CRI- Temel farklılıklardan biri, Türklerin ekmeği çok tüketmesi. Çinliler ise ekmek yemiyor; ekmek yerine haşlanmış pirinç yiyor. Ekmeğe alışabilmiş miydiniz Türkiye'deyken?
S.R.- Tabii ilk gittiğimizde çok zor alıştık. Ben kuzey Çinli olarak hemen alışabildim. Ama bizim bazı güney Çin'den gelen arkadaşlarımız çok zor alıştılar. Hatta ekmek yemekten biraz çekindiler. Ama daha sonra ekmeğe alıştık.
CRI- Eminiz ki birçok anınız vardır Türkiye ile ilgili olarak. Sizi en çok etkileyenleri dinleyicilerimizle paylaşır mısınız?
S.R.- Tabii, yıllardır Türkiye'de yaşadığım için çok güzel anılar kaldı bende. Şimdi yazmaya başladım. İnşallah ileride yayınlanacak. Ben güzel anıları hep Türklerle, dostlarla yaşadım. Örnek olarak, depremin olduğu 1999 yılında, Türk dostlarımızın çektikleri acıları paylaştım. Bütün düzenlenen etkinliklerde Türkiye Cumhuriyeti Kültür Bakanlığı'na destek verdik, onlarla hep birlikte yaşadık.
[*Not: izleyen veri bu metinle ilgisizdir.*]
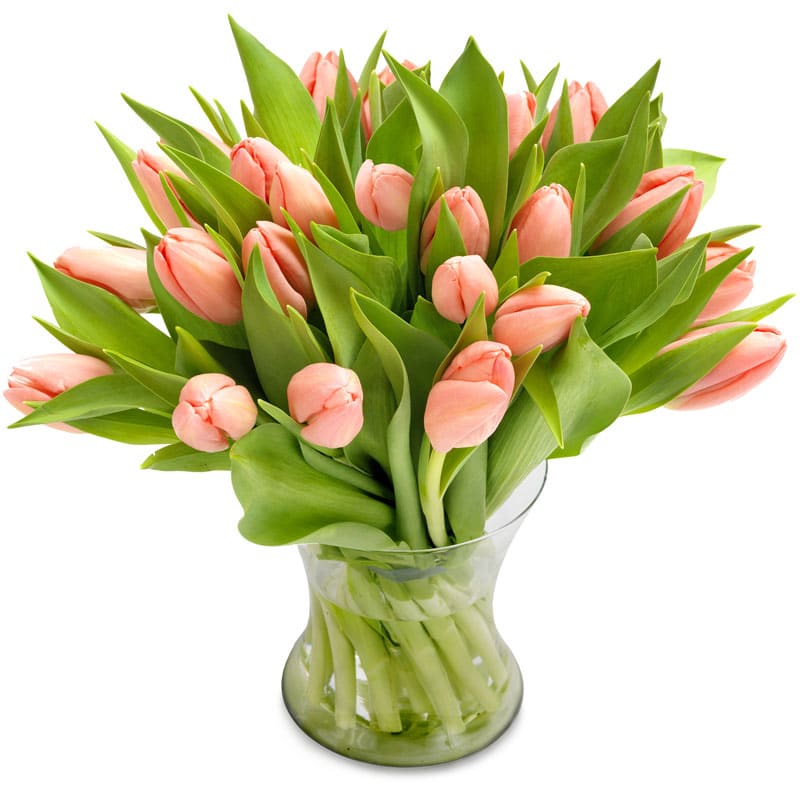Zacht Roze Tulpen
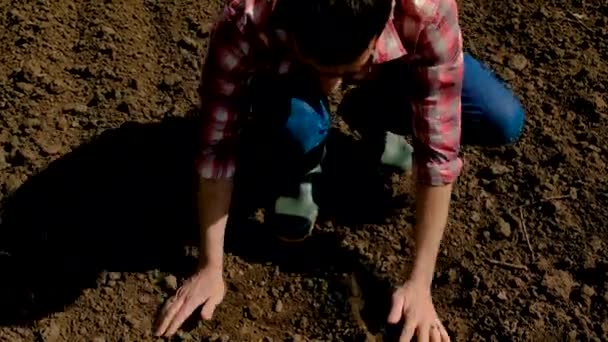 Αρσενικός Αγρότης Στο Χωράφι Ελέγχει Έδαφος Επιλεκτική Εστίαση Φύση — Αρχείο Βίντεο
Türk dostu ailelerle birlikte geçirdiğimiz bayram günlerini hiçbir zaman unutamıyoruz. Dolayısıyla, ben bu vesileyle Türkiye'deki bütün dostlarımızı Çin'e bekliyorum. Birlikte burada Çin kültürünü, Çin'deki değişimi yaşamaya davet ediyorum.
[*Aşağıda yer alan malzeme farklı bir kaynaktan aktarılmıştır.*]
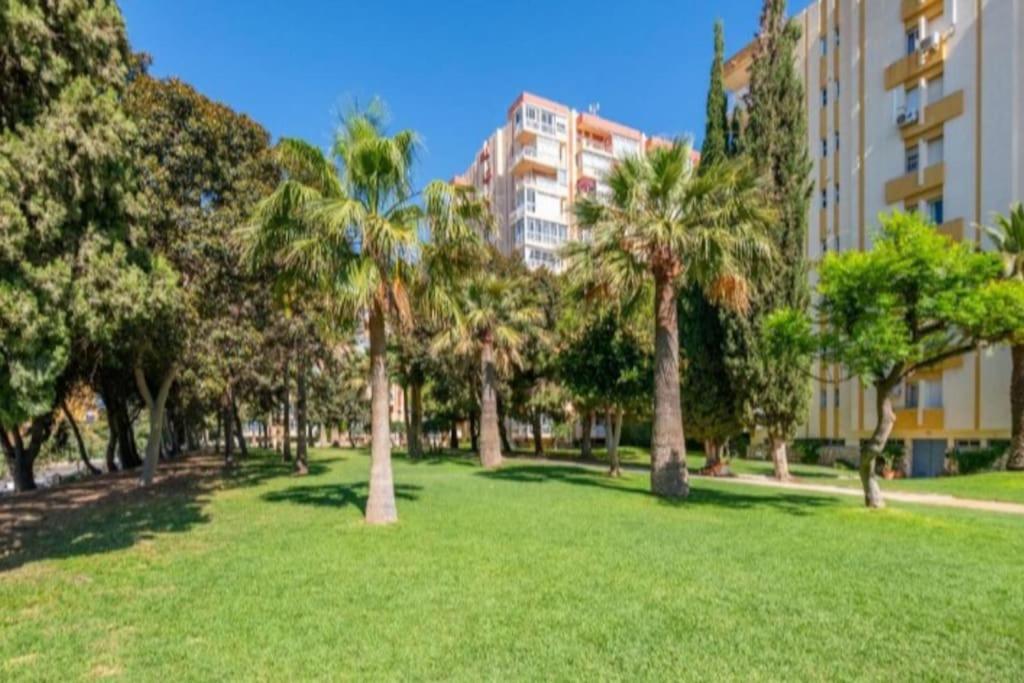 Hércules Nuevo y Moderno Estudio
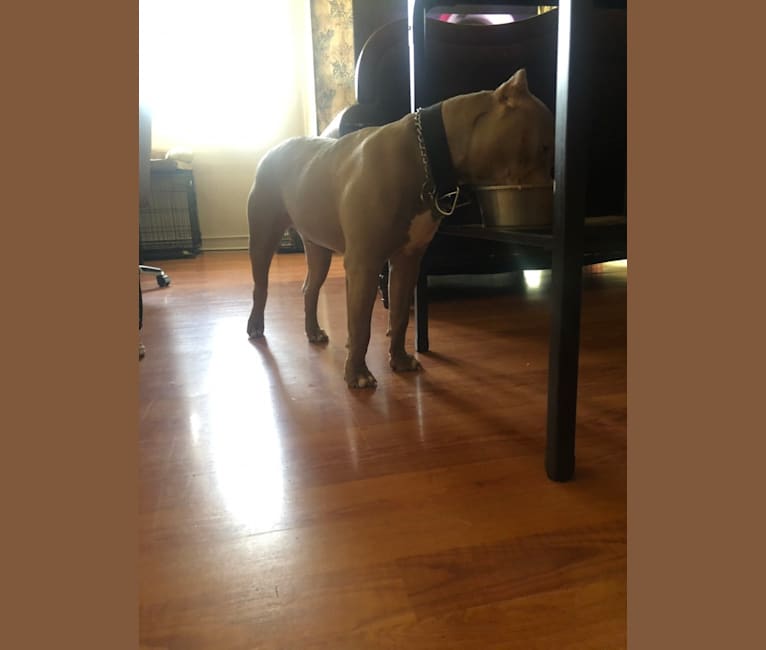 Giannis, an American Bully tested with EmbarkVet.com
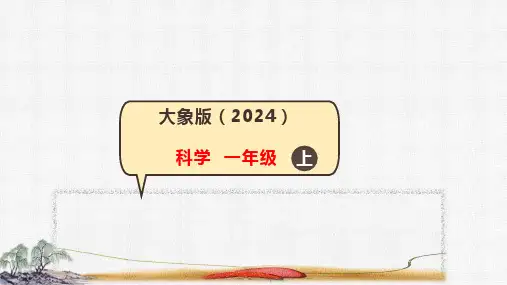 2.1 观察兔子 课件(共27张PPT)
CRI- Bize vakit ayırıp, programımıza katıldığınız için çok teşekkür ediyoruz.
S.R.- Biz de teşekkür ederiz.
Değerli dinleyiciler, bahar mevsiminin kapımızı çaldığı bugünlerde, hayatınızın da bahar gibi canlanması dileğiyle... Hoşça kalın.